KARACHI: Apparently opposing the setting up of more offshore terminals of Liquefied Natural Gas (RLNG) to enhance growing gas demand in the country through Floating Storage and Regasification Units (FSRU), Engro Corporation is seeking expansion of existing terminals followed by development of onshore terminal to resolve the gas crisis.
Briefing journalists on Friday, Chief Executive Officer of Engro Elengy Terminal (EETL) Yusuf Siddiqui confirmed that the company was planning an onshore terminal for which space has been allocated at its existing venue, close to its FSRU — commonly known as Terminal-1— that would also help create land-based storage for LNG, direly needed to support gas supplies and address fragilities.
To curtail the gas crisis, Pakistan must prioritise the expansion of existing terminals under the approved Third-Party Access (TPA) rules on an immediate basis, while eventually transitioning towards onshore terminals for greater energy security, he said.
Need stressed to remove hurdles in way of operationalisation of terminals’ additional capacity
Highlighting the achievements of EETL, Mr Siddiqui said the company has set new industry benchmarks in over five years of its safe and essentially non-stop operations with an availability factor of around 98pc.
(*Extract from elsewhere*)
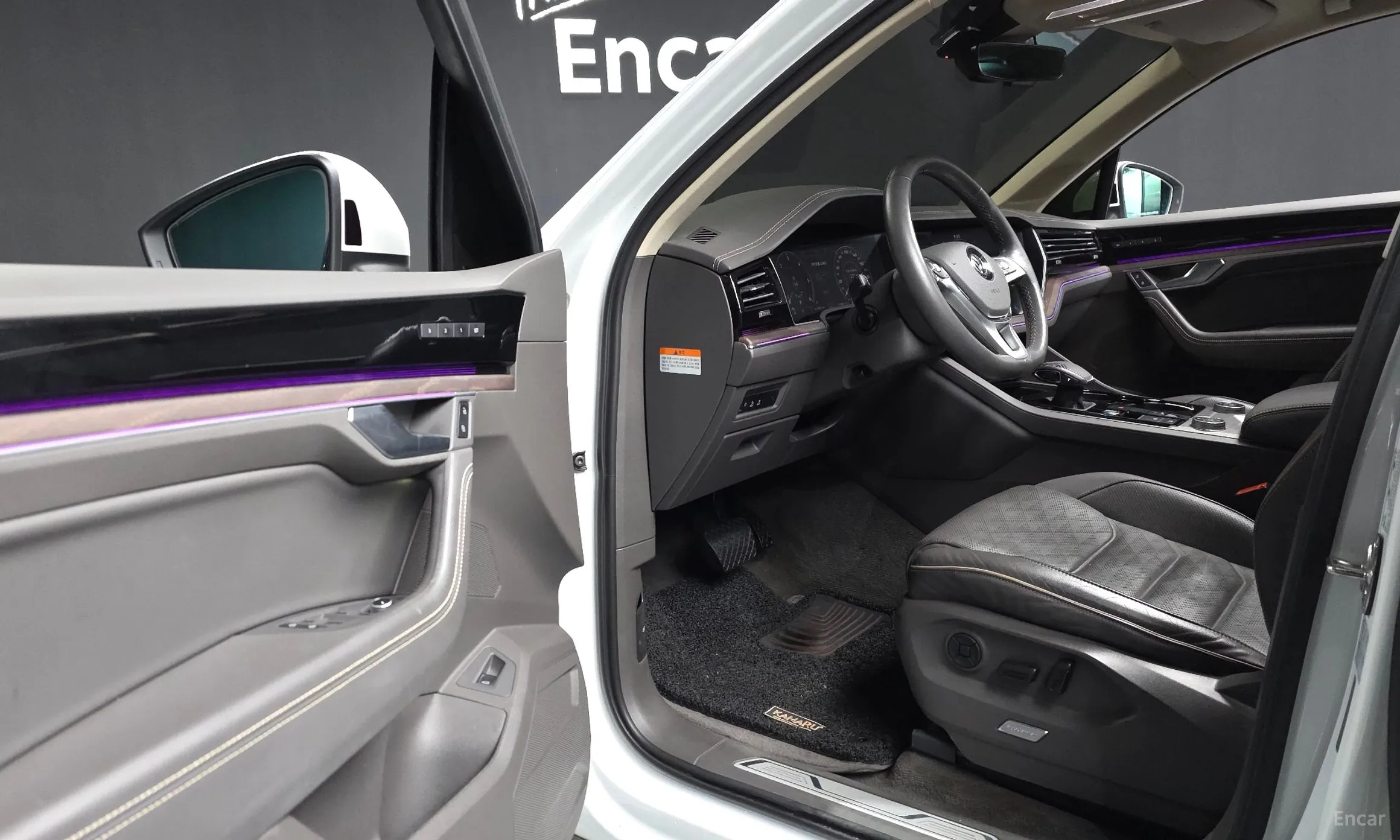 Volkswagen Touareg 3rd Generation превью 10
EETL now contributes around 15 per cent gas supplies to Pakistan and can be considered the country’s largest “gas field” (630-690 mmscfd).
Head of Commercial & Business Development Syed Ammar Ali Shah agreed that the proposed onshore terminal may not remain viable or will be at least delayed in case the two merchant FSRUs taken in hand by two parties -- Tabeer and Energas -- are completed.
Responding to a question, he said his company believed an integrated LNG terminal was necessary to be up and running before 2030 when the country’s gas shortage would surge beyond three billion cubic feet per day. He said unlike the existing EETL, the future facility would be without any government involvement.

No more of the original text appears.